Package 'factor256'

Title: Use Raw Vectors to Minimize Memory Consumption of Factors
Description: Uses raw vectors to minimize memory consumption of categorical variables with fewer than 256 unique values. Useful for analysis of large datasets involving variables such as age, years, states, countries, or education levels.
Authors: Hugh Parsonage [aut, cre]
Maintainer: Hugh Parsonage <[email protected]>
License: GPL-2
Version: 0.1.0
Built: 2024-11-03 06:21:42 UTC
Source: https://github.com/hughparsonage/factor256

Help Index


Aggregating helpers

Description

Aggregating helpers

Usage

count_by256(DT, by = NULL, count_col = "N")

Arguments

DT

A data.table.

by

(string) A column of DT, the count of which is desired.

count_col

(string) The name of the column in the result containing the counts.

Value

For:

count_by256

A tally of by.


Factors of fewer than 256 elements

Description

Whereas base R's factors are based on 32-bit integer vectors, factor256 uses 8-bit raw vectors to minimize its memory footprint.

Usage

factor256(x, levels = NULL)

recompose256(f)

relevel256(x, levels)

## S3 method for class 'factor256'
levels(x)

is.factor256(x)

isntSorted256(x, strictly = FALSE)

as_factor(x)

factor256_in(x, tbl)

factor256_notin(x, tbl)

factor256_ein(x, tbl)

factor256_enotin(x, tbl)

tabulate256(f)

rank256(x)

order256(x)

unique256(x)

tabulate256_levels(x, nmax = NULL, dotInterval = 65535L)

Arguments

x

An atomic vector with fewer than 256 unique elements.

levels

An optional character vector of or representing the unique values of x.

f

A raw vector of class factor256.

strictly

If TRUE then if x[i] == x[j] and i != j then x is not sorted.

tbl

The table of values to lookup in f.
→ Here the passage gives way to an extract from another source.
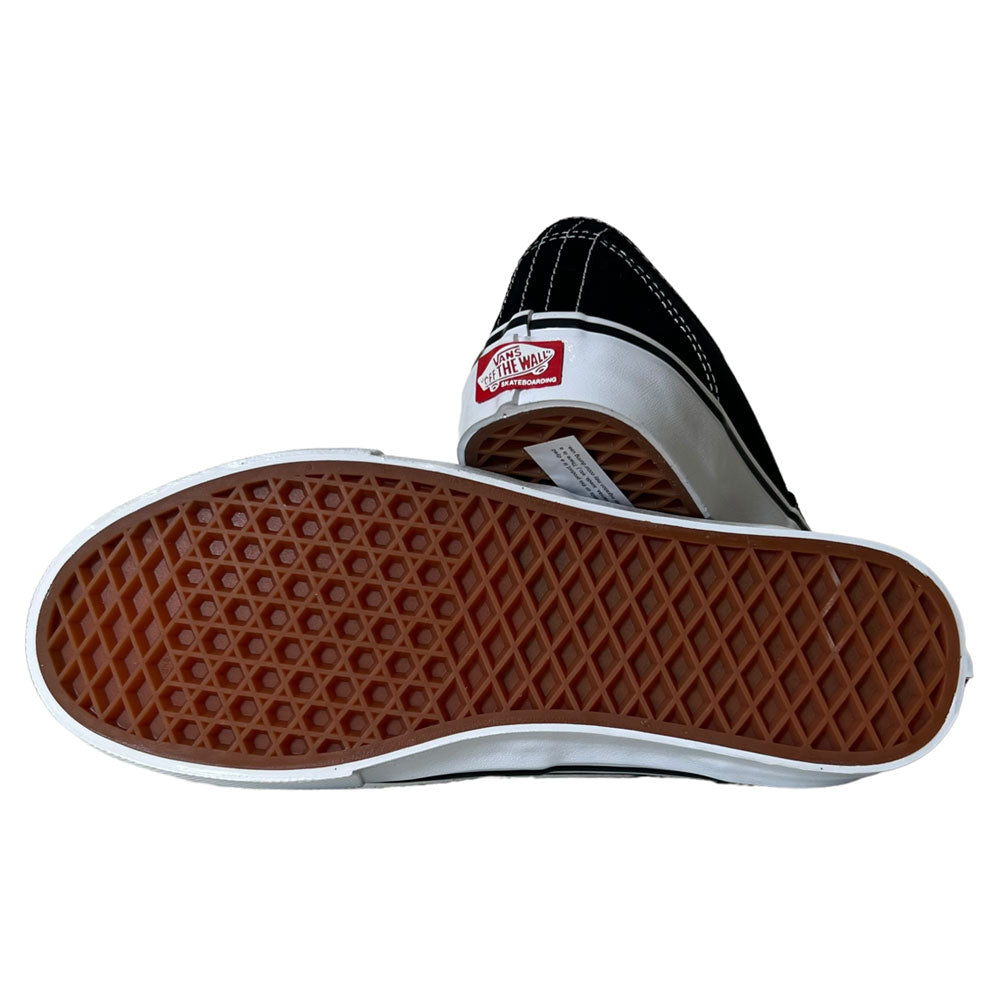A pair of VNOA5FC8Y28 Suede Canvas Black White Authentic Vans Skateboarding Shoes—one upright showing the heel logo, the other flipped to reveal the signature brown waffle sole for standout style and performance.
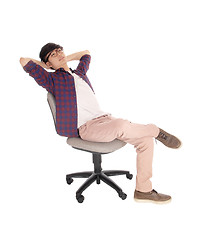 Image showing Asian teenager relaxing on chair.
May be a factor256 class but will be implicitly converted based on the levels of f.

nmax, dotInterval

(tabulate256_levels only). Every dotInterval iterations through x check number of unique elements detected so far. If any count exceeds nmax the rest of the vector is ignored.

Value

factor256 is a class based on raw vectors. Values in x absent from levels are mapped to 00.

In the following list, o is the result.

factor256

A raw vector of class factor256.

recompose256

is the inverse operation.

factor256_e?(not)?in

A logical vector the same length of f, o[i] = TRUE if f[i] is among the values of tbl when converted to factor256. _notin is the negation. The factor256_e variants will error if none of the values of tbl are present in f.

tabulate256

Takes a raw vector and counts the number of times each element occurs within it. It is always length-256; if an element is absent it will have value zero in the output.

tabulate256_levels

Similar to tabulate256 but with optional arguments nmax, dotInterval.

as_factor

Converts from factor256 to factor.

order256

Same as order but supports raw vectors. order256(x)

rank256

Same as rank with ties.method = "first" but supports raw vectors.

unique256

Unique elements of.

Examples

f10 <- factor256(1:10)

fletters <- factor256(rep(letters, 1:26))
head(factor256_in(fletters, "g"))
head(tabulate256(fletters))
head(recompose256(fletters))

gletters <- factor256(rep(letters, 1:26), levels = letters[1:25])
tail(tabulate256(gletters))
tabulate256_levels(gletters, nmax = 5L, dotInterval = 1L)

Interlace raw vectors

Description

Some processes do not accept raw vectors so it can be necessary to convert our vectors to integers.

Usage

interlace256(w, x, y = NULL, z = NULL)

deinterlace256(u)

interlace256_columns(DT, new_colnames = 1L)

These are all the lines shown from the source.